Will Counts (Ira Wilmer Counts Jr.; August 24, 1931—October 6, 2001) was an American photojournalist most renowned for drawing the nation's attention to the desegregation crisis that was happening at Arkansas' Central High School (Little Rock Central High School) in 1957. Documenting the integration effort in the 1950s, he captured the harassment and violence that African Americans in the South were facing at this time.

Contents

Early life

Ira Wilmer (Will) Counts Jr. was born on August 24, 1931, in Little Rock, Arkansas. He was the son of a Little Rock tenant farmer. He, his brother, and his parents (Ira Counts Sr. and Jeanne Frances Adams Counts) were sharecroppers outside of Rose Bud (White County) and Cabot (Lonoke County) before they relocated to Jefferson County in 1936. There, the family resided at The Resettlement Administration’s Plum Bayou Home. Later, Counts attended Little Rock High School (now Central High). It was there that his journalism teacher, Edna Middlebrook, spurred his interest in photography.

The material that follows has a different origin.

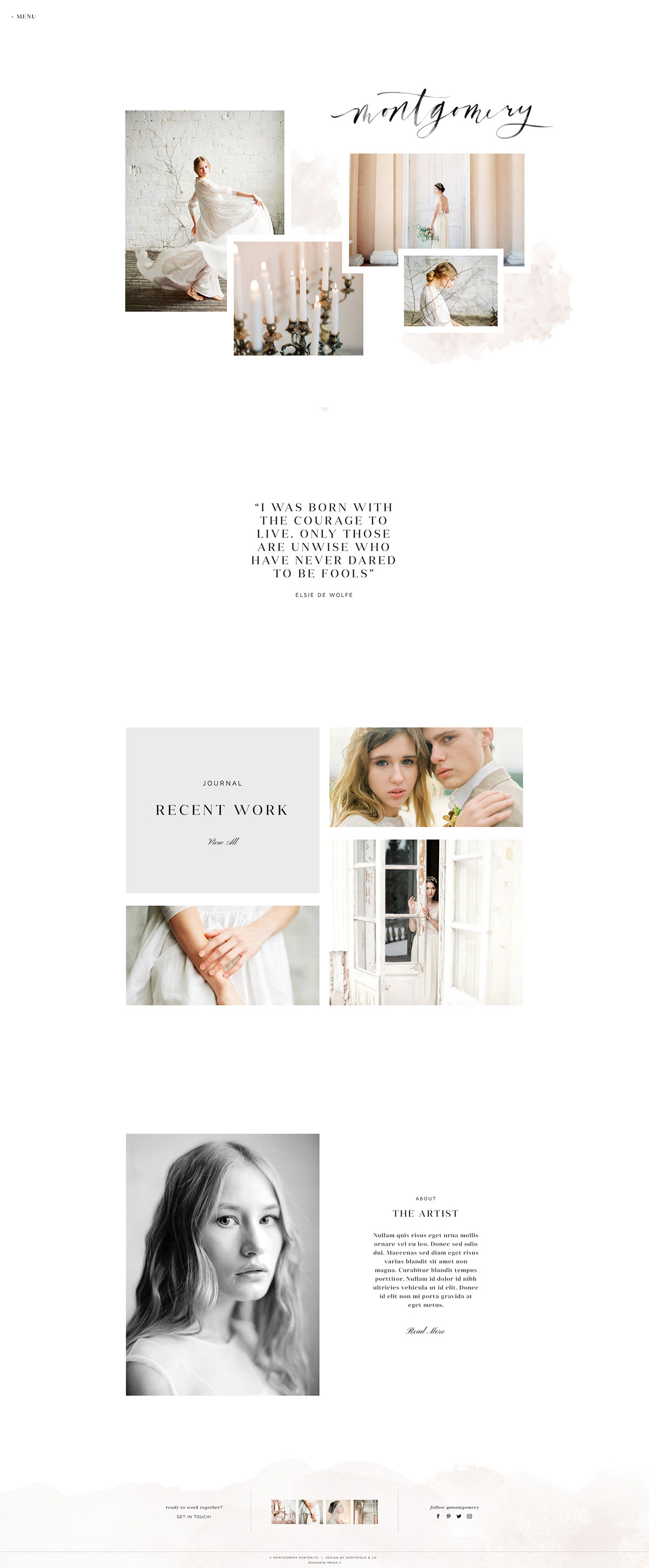 romantic photography website design, montgomery by northfolk & co, for Showit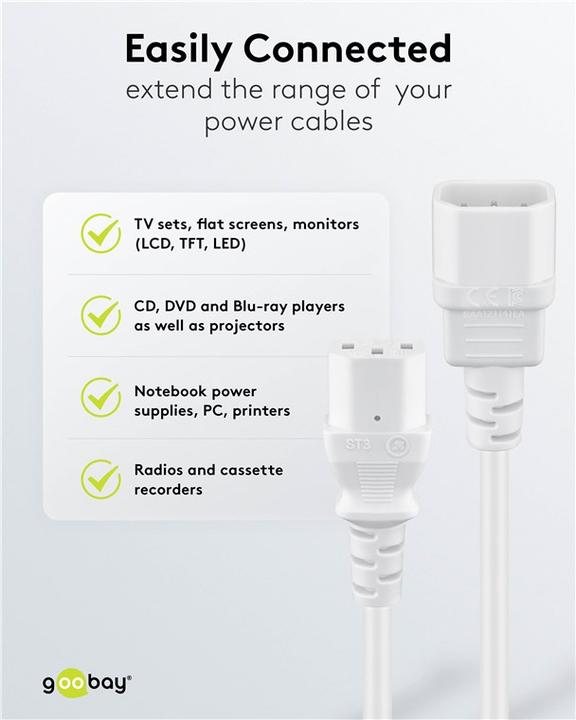 Actual product image Goobay Cold device extension, 0.5 m, white (0.50 m, C13)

During his junior year, Counts asked his mother for a Speed Graphic camera for Christmas after he had seen advertised in Boys' Life magazine. However, with his father still away fighting in World War II, his mother could only afford to buy a Kodak Brownie Hawkeye.

Education

By the time Counts started at Arkansas State Teachers College (now the University of Central Arkansas) in 1949, he knew he wanted to be a news journalist. He eventually became a photographer for the college. Around the same time, he was freelancing for the Arkansas Gazette and the Arkansas Democrat. In 1952, he received a BA in education. In 1954, he received his master’s degree in education at Indiana University (IU). Fifteen years later, Counts earned his doctorate in education at IU.

Career

While pursuing his masters degree in Bloomington, Indiana, he continued shooting for the Arkansas Democrat and also at the IU audiovisual center. In 1957, he was rehired by the Democrat as a staff photographer and shot for its Sunday Magazine. Counts was 26 when some of his most iconic images were published on September 4, 1957. Still a photographer for the Democrat, Counts captured white demonstrators and the National Guard gathering outside Central High. Despite the U.S. Supreme Court’s ruling that "separate but equal" was unconstitutional, Arkansas Governor Orval Faubus had called the guard to block integration. One of Counts’ most famous images captures African American Elizabeth Eckford being harassed by an angry white mob of students after being denied entrance at Central High. He recalled Eckford never losing her composure. "She just remained so dignified, so determined in what she was doing," he said. That photo, and four others of Counts’ from that day, were published on the cover of the Democrat. In his 1999 book, A Life is More Than a Moment," Counts details how he captured the shot. He states that he wore an inconspicuous red shirt and slacks while shooting to blend in with the crowd as a way to avoid looking like a journalist. He also notes that on his Nikon S2 camera, he used a wide-angled lens that gave him an advantage over other photographers. Others typically shot with large Speed Graphic press cameras that involved reloading the camera after each individual shot. Counts also shot many exposures to ensure a winning shot. His heavy bracketing approach was greatly inspired by Henri Cartier-Bresson who often shot many photographs of the same scene to ensure capturing the best representative shot. Eckford and Hazel Bryan Massery, one of the white students captured screaming at Eckford in one of Counts’ infamous photos, met in 1997 after a successful reconciliation was organized by Counts and his wife, Vivian.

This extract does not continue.